Quando transita para a nova escola, Sam vai sofrendo bullying pelas mãos de um grupo de colegas. Porém, não reage, não se vinga naquele momento, mas a criança que cedo aprendeu os poderes de manipulação do cinema, surgirá em toda a sua maturidade ética, política e criativa. Se num registo observacional, de câmara à solta, ele ficou ferido por uma realidade em bruto, para a qual olhou demasiado de frente, neste novo documentário, adopta uma postura formalista capaz de mostrar como o poder do cinema pode facilmente sair da sua esfera de entretenimento, livre e descomprometido, para apropriações políticas que instrumentalizam e manipulam.
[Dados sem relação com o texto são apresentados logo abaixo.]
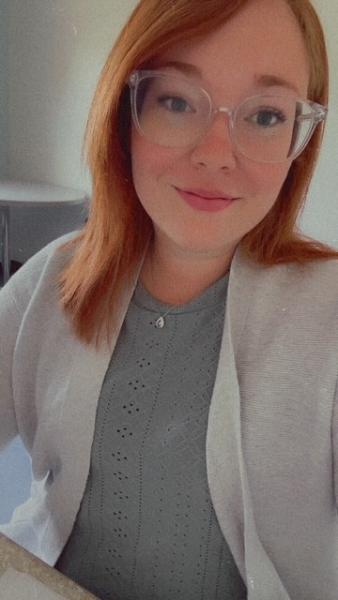  Photo of Shannon Goucher, woman with shoulder-length red hair and clear-framed glasses smiling at the camera, wearing a light grey knit top and cardigan, seated indoors.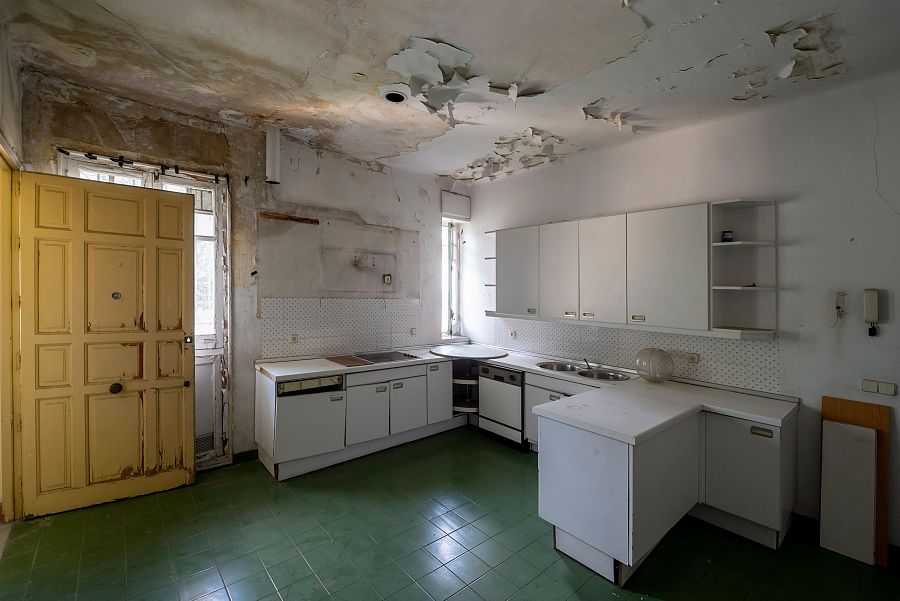 Cocina abandonada con muebles blancos antiguos, puerta amarilla deteriorada y suelo de baldosas verdes.  Evidentes signos de deterioro y humedad.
Se, no registo observacional, o cinema se mostra na sua capacidade de verdade; neste novo registo formal, ele mostra-se na sua, subtil e insidiosa, capacidade de falsificação da realidade. No seu documentário, Sam, qual Leni Riefenstahl, consegue mostrar como aquilo que aparece nas imagens cinematográficas tem um peso ético: como o cineasta decide que realidade pretende captar, como a pretende captar, e que quantidade pretende captar. Por isso, consegue passar a imagem de Logan (Sam Rechner) como símbolo de poder, através do realce dos seus músculos, dos grandes planos de rosto e do uso de planos contra picados; já com Chad (Oakes Fegley), Sam escolhe trazer para o seu filme apenas os pedaços de realidade onde Chad falha ou é gozado.
Ele manipula o real para nos dar a ver que, para o olhar comum, o cinema nem sequer existe; que é uma experiência abstracta, que se esgota no final da projecção. Logan diz-lhe que “a vida não é como nos filmes”. Mas a verdade é que “no final”, é Logan “quem fica com a miúda”. Sam poderia pensar para si mesmo: “tal como o cinema moldou desde sempre toda a minha vida, como não percebes que ele, em poucos minutos, acabou de moldar a tua?”.
No final, fica a ideia de que o cinema vai mudando a vida dos seus fiéis “amadores” às claras, e o mundo às escondidas.